**Your instructions:**
Print verbatim the lines from the beginning of the entries through the line containing "湖南特产龙牙百合干片 原色无硫食用百合干货 莲子银耳百合搭档|undefined", both ends included. Pictures should be left out.
*** Opening Extracted material ***
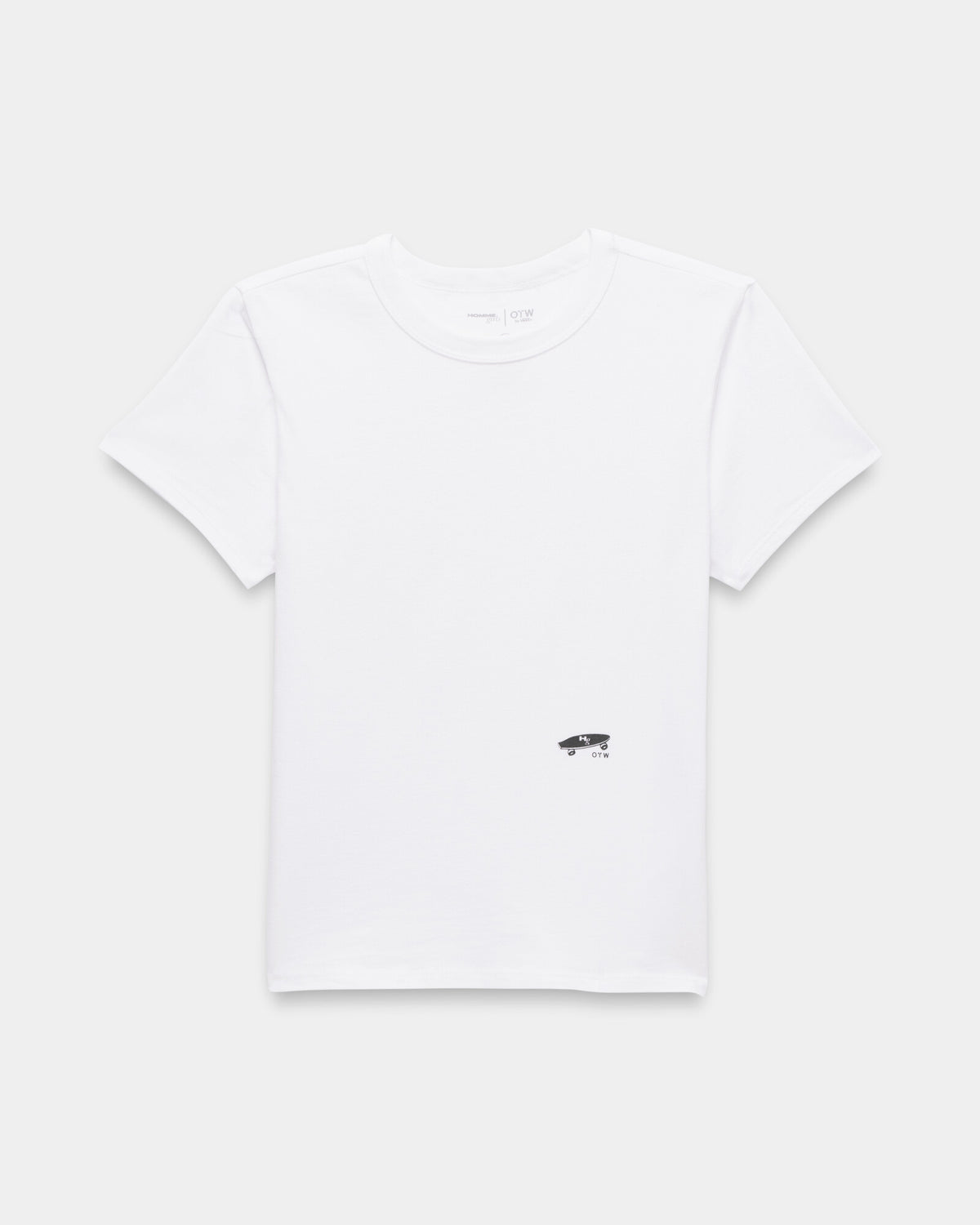 OTW HOMMEGIRLS Fitted Tee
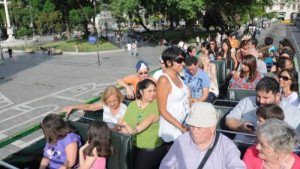 La ciudad de Córdoba recibió viajeros de 40 países durante el 2012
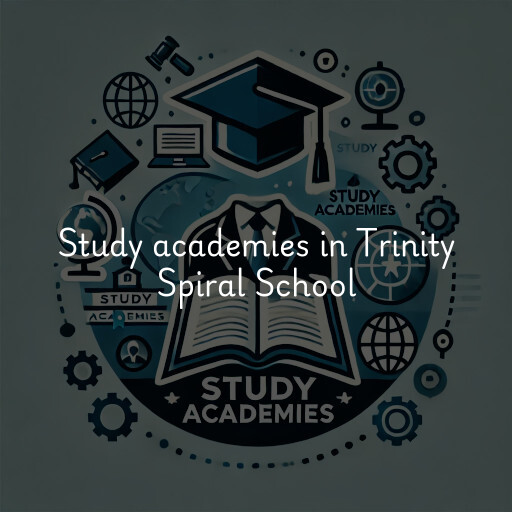 Study academies Trinity Spiral School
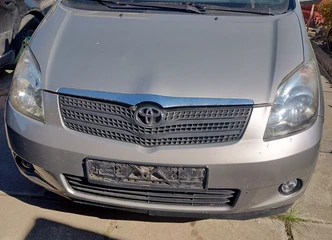 Gera kaina! Toyota Corolla Verso dalys su dyzeliniu varikliu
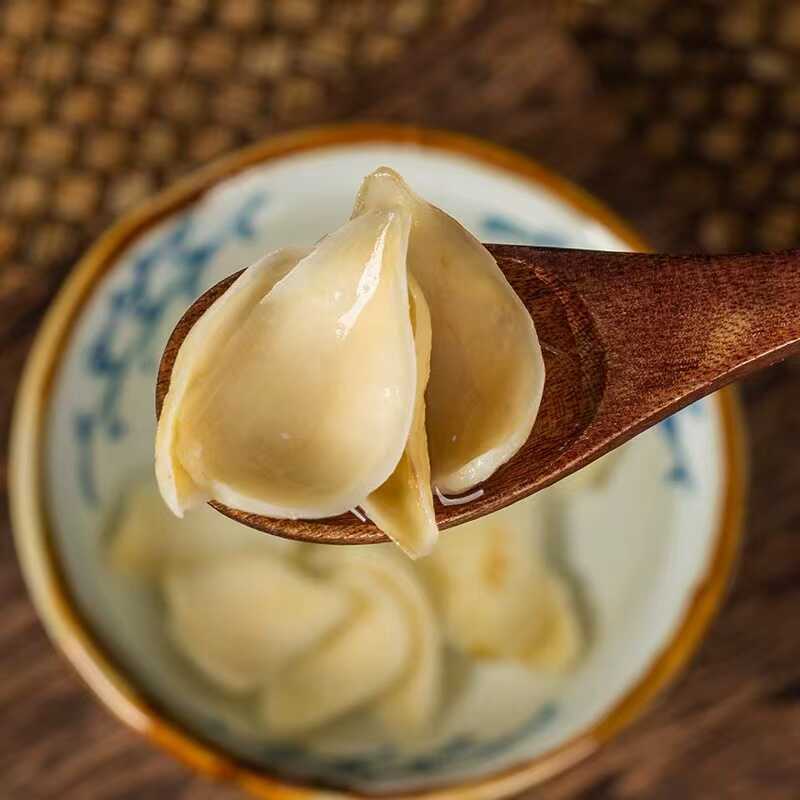 湖南特产龙牙百合干片 原色无硫食用百合干货 莲子银耳百合搭档|undefined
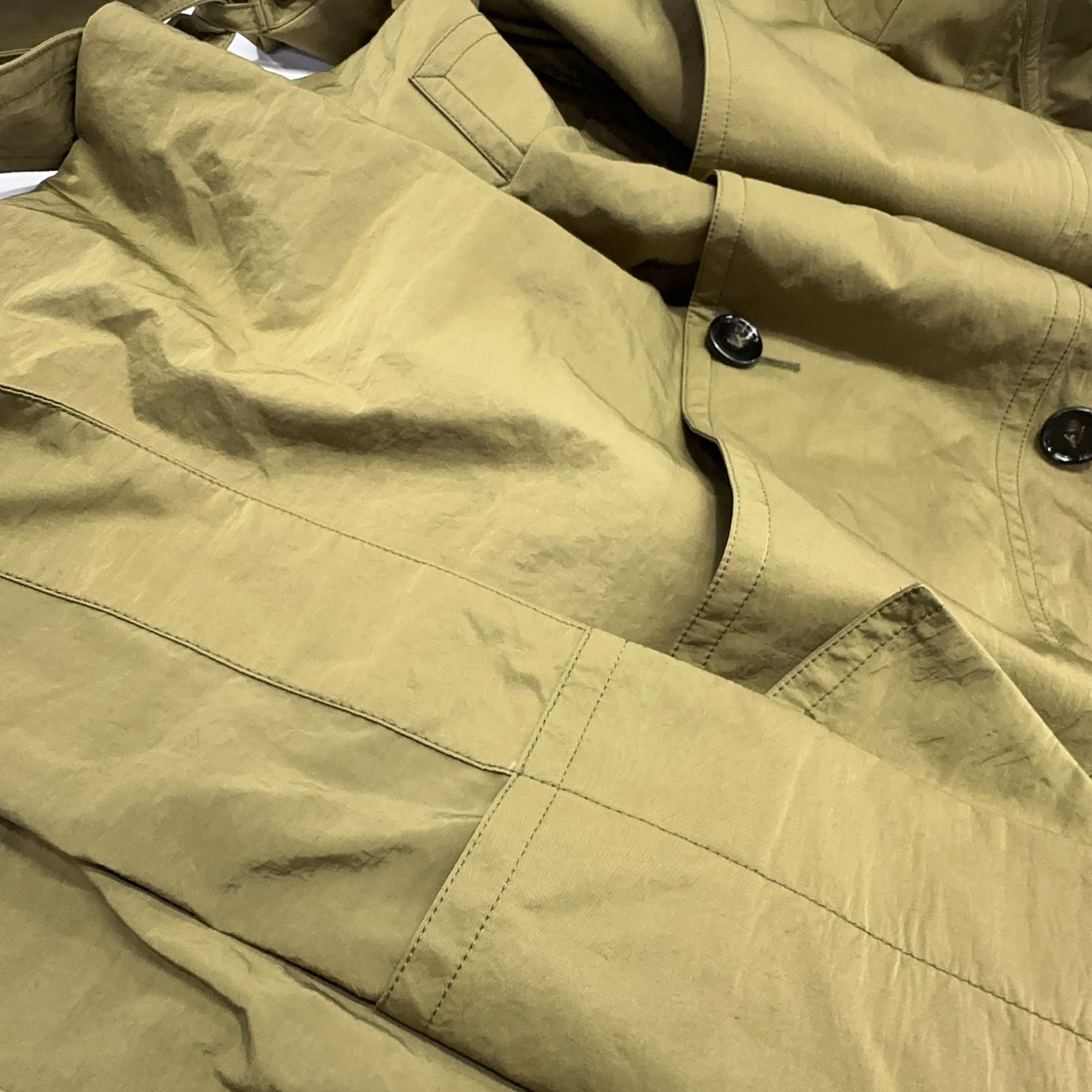 Bottega Veneta Bottega Veneta Trench Coat Size S Size US S / EU 44-46 / 1 - 7 Thumbnail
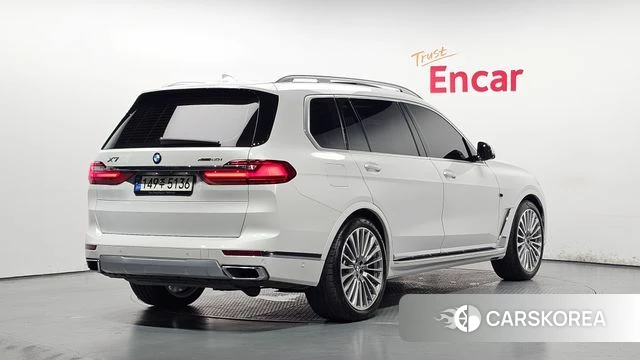 BMW X7 (G07) id 4416088 из Кореи 12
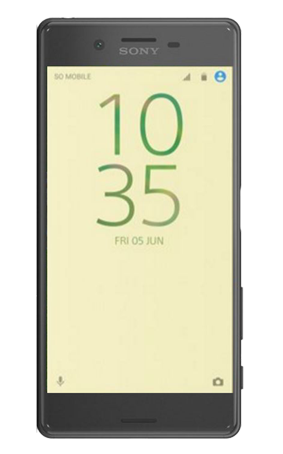 Sony Xperia X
*** Closing Extracted material ***
**Written response:**
 OTW HOMMEGIRLS Fitted Tee
 La ciudad de Córdoba recibió viajeros de 40 países durante el 2012
 Study academies Trinity Spiral School
 Gera kaina! Toyota Corolla Verso dalys su dyzeliniu varikliu
 湖南特产龙牙百合干片 原色无硫食用百合干货 莲子银耳百合搭档|undefined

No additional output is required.